Anyone who’s played a LEGO game before will tell you that you get the most out of them when playing alongside a friend, and that’s no different with The Skywalker Saga. It seems that 17 years haven’t dulled the fun of yelling at your buddy in goofy Star Wars quotes while annihilating Imperial forces, and I doubt that another 17 years would either – co-op play is incredible fun. In what seems like a Death Star sized misstep though, TT Games have opted to only allow couch co-op as an option – something I might have been able to advocate in the years prior to COVID, but one that seems to be needlessly limiting in a modern game with such major backing.
On a brighter note, the graphics and sound definitely do the Star Wars universe justice – with gleaming ship interiors and rugged bases depicted faithfully, albeit built from a billion LEGO bricks. The attention to detail in the ship and environment designs is fantastic, and it’s clear that the Travellers Tales rightly had access to a lot of LEGO source material as part of their design process.

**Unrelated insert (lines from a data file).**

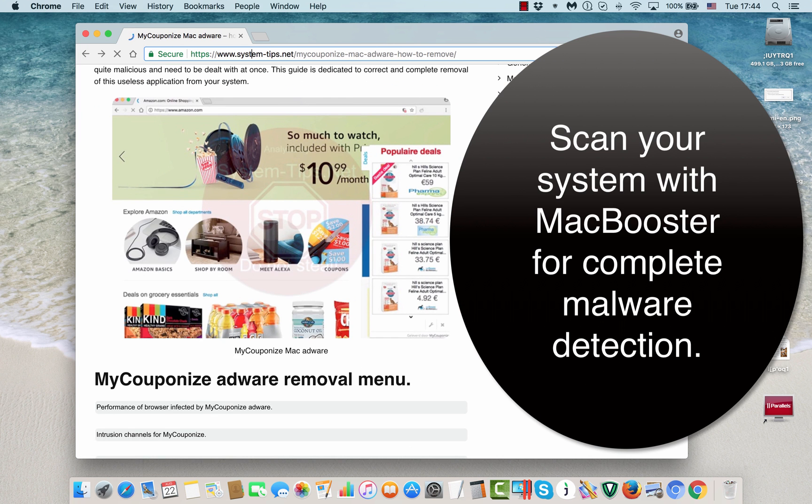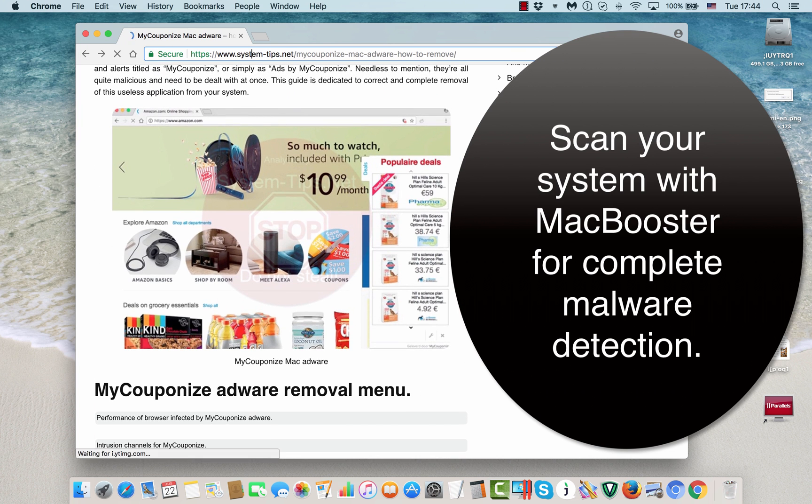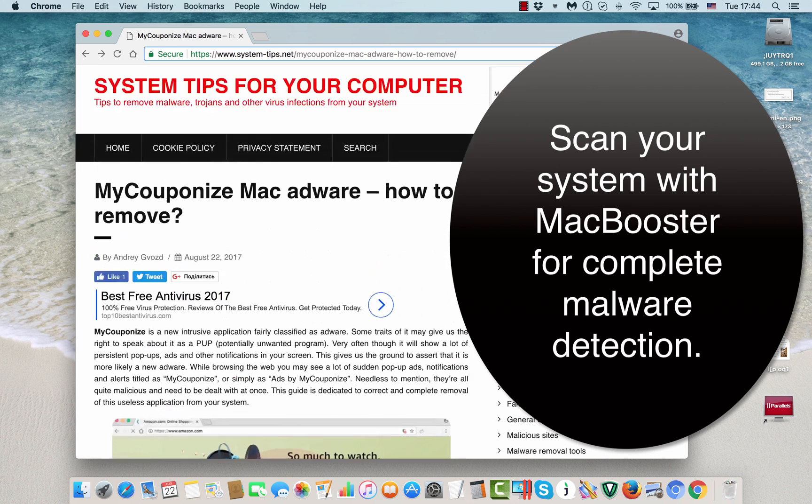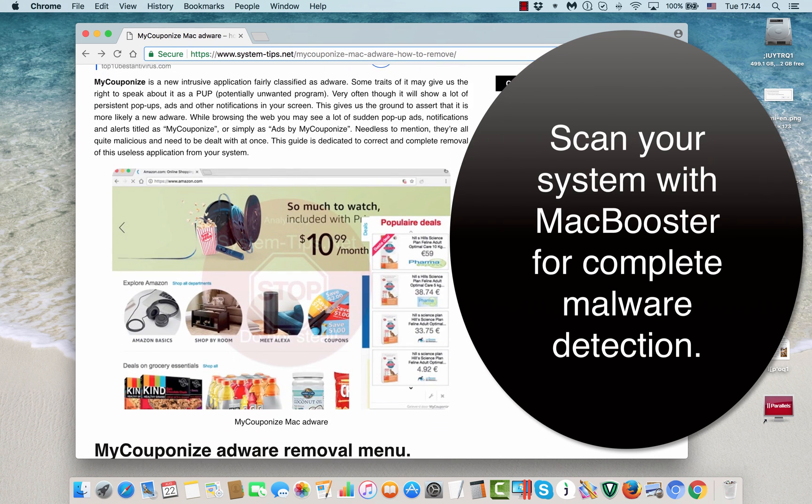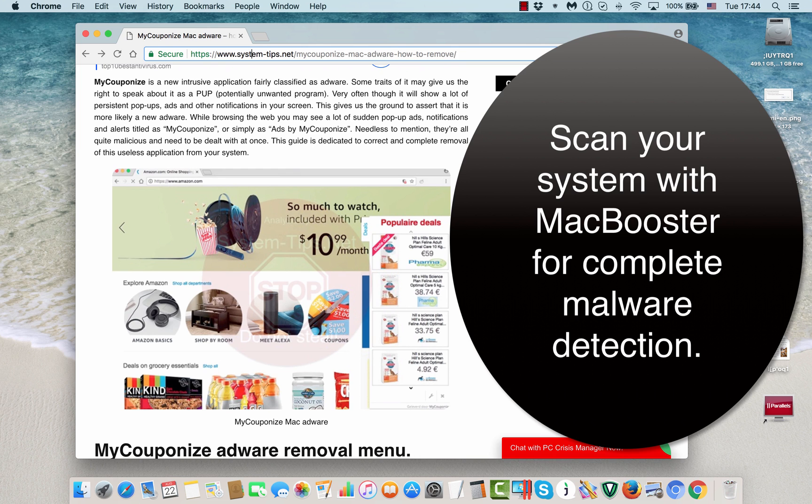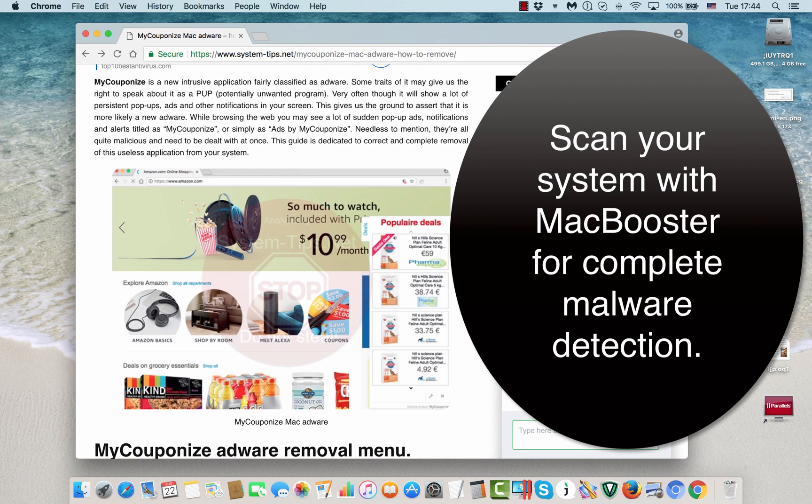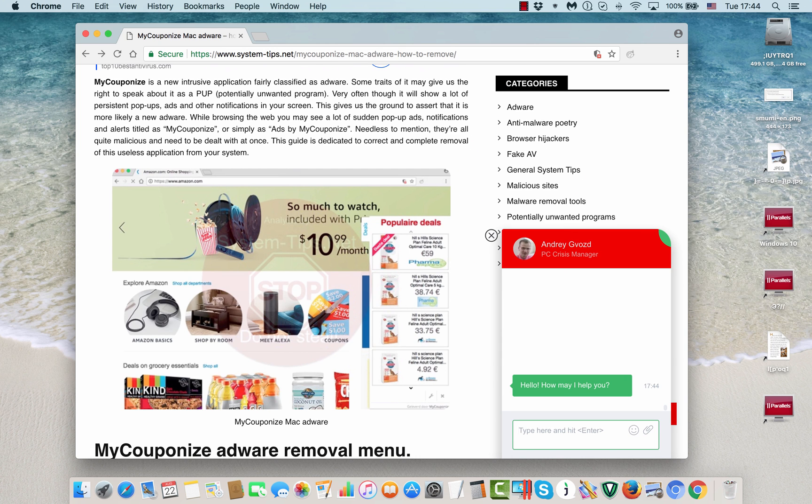Thanks for your attention. This was the guide about removal of MyCouponize adware. Feel free to contact me at any time through systemtips.net website and through a special chat form you will see over here in the right lower part of your screen. Again, thanks for your attention, all the best, goodbye.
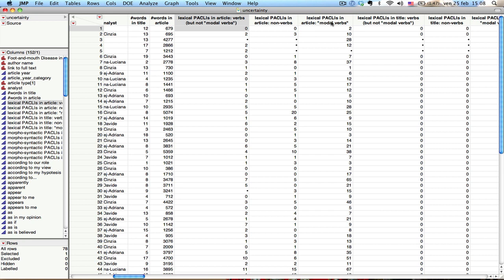motor verbs, or verbs but not motor verbs. In other words, there are multiple different types of lexical paclis. So let's just say that now I want to create a variable which is basically the sum of these one, two, three variables here. So basically, it's the total number of lexical paclis in the article. How do I do this?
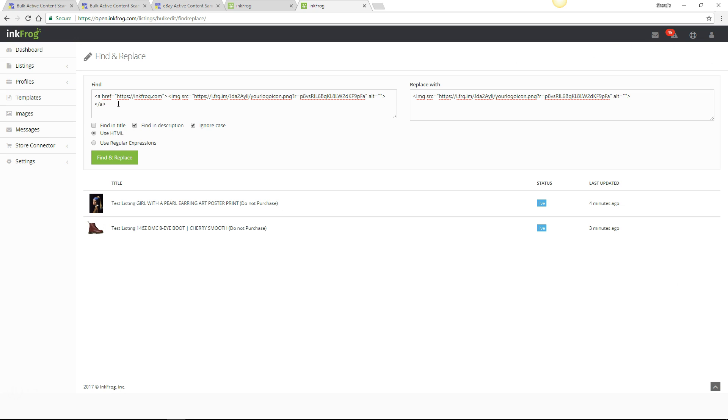Since we want to keep our logo in the description, in the Replace field, add the updated code so that the logo is no longer a clickable link. Select the Find and Replace button.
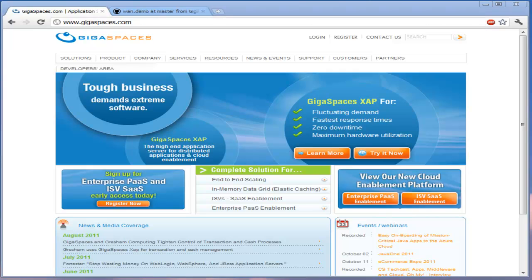Welcome to the Gigaspaces XAP WAN Gateway demonstration. This demonstration will show mirroring between two separate Gigaspaces clusters where data in each is replicated to the other.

As in every officially licensed Star Wars game ever made, I can’t say enough good things about the soundtrack – the score is just awesome from top-to-toe and is pivotal to so many of the best moments of the game, just as it is to the movies. The voice-acting too is fantastic, and while not boasting many talents from the silver screen entries, does manage to pull in an impressive host of voice-actors from other Star Wars projects, such as Forces of Destiny and The Clone Wars.
When I was a kid we could only imagine how cool it would be to have toys of our favourite videogames, and parents in 2022 probably be wishing to turn back the clock, since LEGO Star Wars: The Skywalker Saga shows off some awesome close-up looks at real-life LEGO kits that will cost Anakin an arm and a leg to buy. Hopefully the videogame version will work as an alternative and not a gateway drug… I pray for their sake!

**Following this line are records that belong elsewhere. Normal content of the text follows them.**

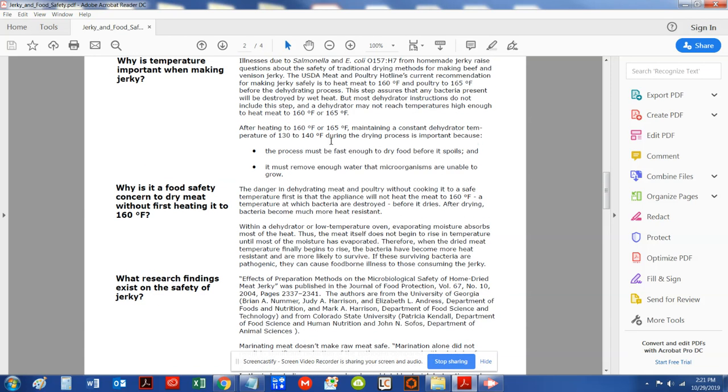and that's why throughout my jerky experience and career of making it, we always did the internal temperature of 160 degrees, let alone I was also told by a doctor at the Department of Agriculture that that was a standard.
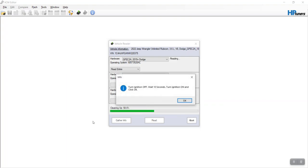Alright, I get this and I get this far and it tells me turn ignition off, wait 10 seconds, turn on and click okay.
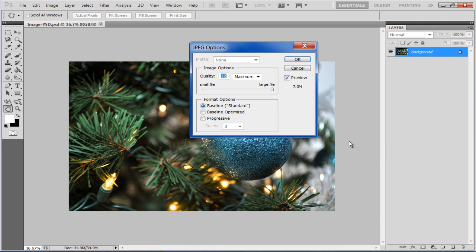Baseline Optimized, on the other hand, optimizes the color quality of the image and produces a slightly smaller file size, but this option is not supported by all web browsers.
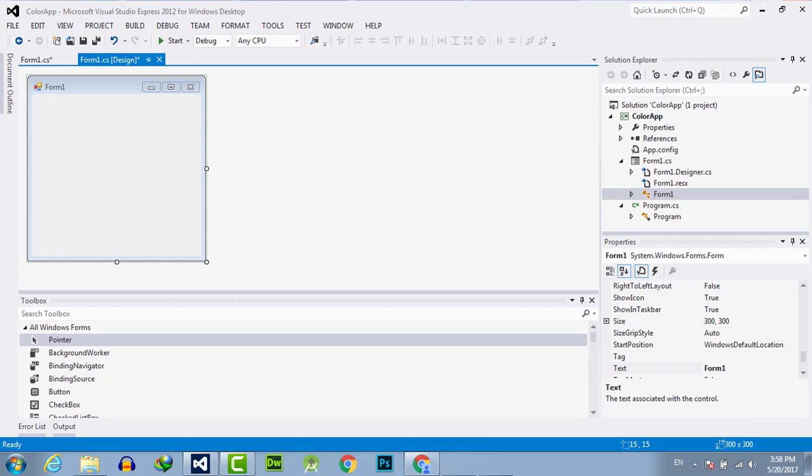The dialog box includes an edit control in which the user can type the number of copies to print. By default, the print dialog box initially displays information about the current default printer.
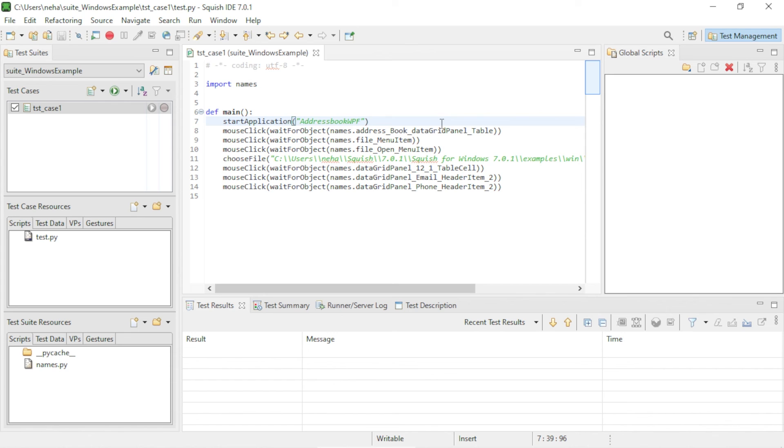This brings you back to the IDE editor and shows you the recorded code. You can replay this code by clicking on this Play button next to the selected test case.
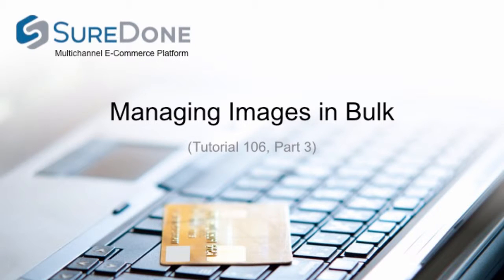We are going to use our bulk eBay example to discuss how to manage images in bulk. We are also going to be relisting the products that we just sent to Amazon to eBay.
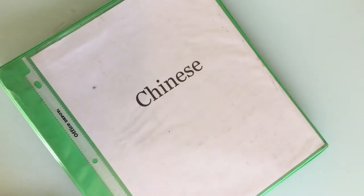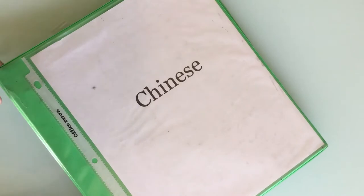Hey everyone! Today I am flipping through my Chinese binder, which I used for the entirety of my ninth grade year.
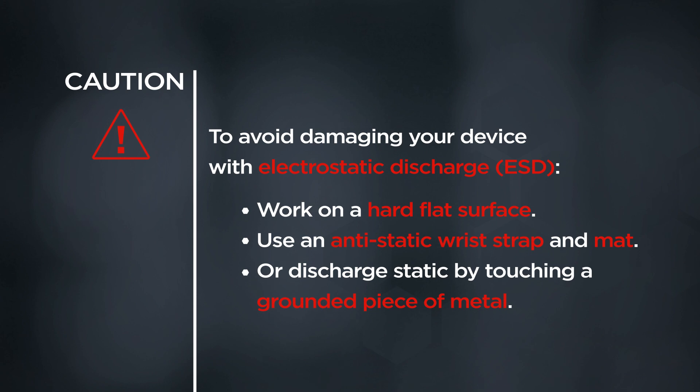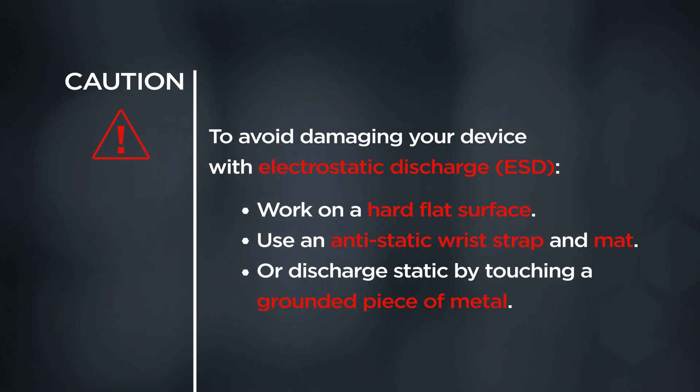CAUTION! To avoid damaging your device with electrostatic discharge, work on a hard flat surface. Use an anti-static wrist strap and mat, or discharge static by touching a grounded piece of metal.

LEGO Star Wars: The Skywalker Saga is a playful and colourful depiction of a galaxy far, far away, and one that boasts about as much play time as you’d ever want to get out of a single game should you be willing to endure some significant repetition in order to wring every drop out of it. With hilarious retellings of all nine movies and some new gameplay elements, there’s a lot to like, but clunky camera angles and the head-scratching decision to leave out online multiplayer hurts the overall impression. This might just be the definitive LEGO Star Wars game that fans are looking for, but since only Sith deal in absolutes, I’ll leave that judgement to the will of the council.
In the interest of full disclosure, VGamingNews was provided with a copy of the game in order to conduct this review.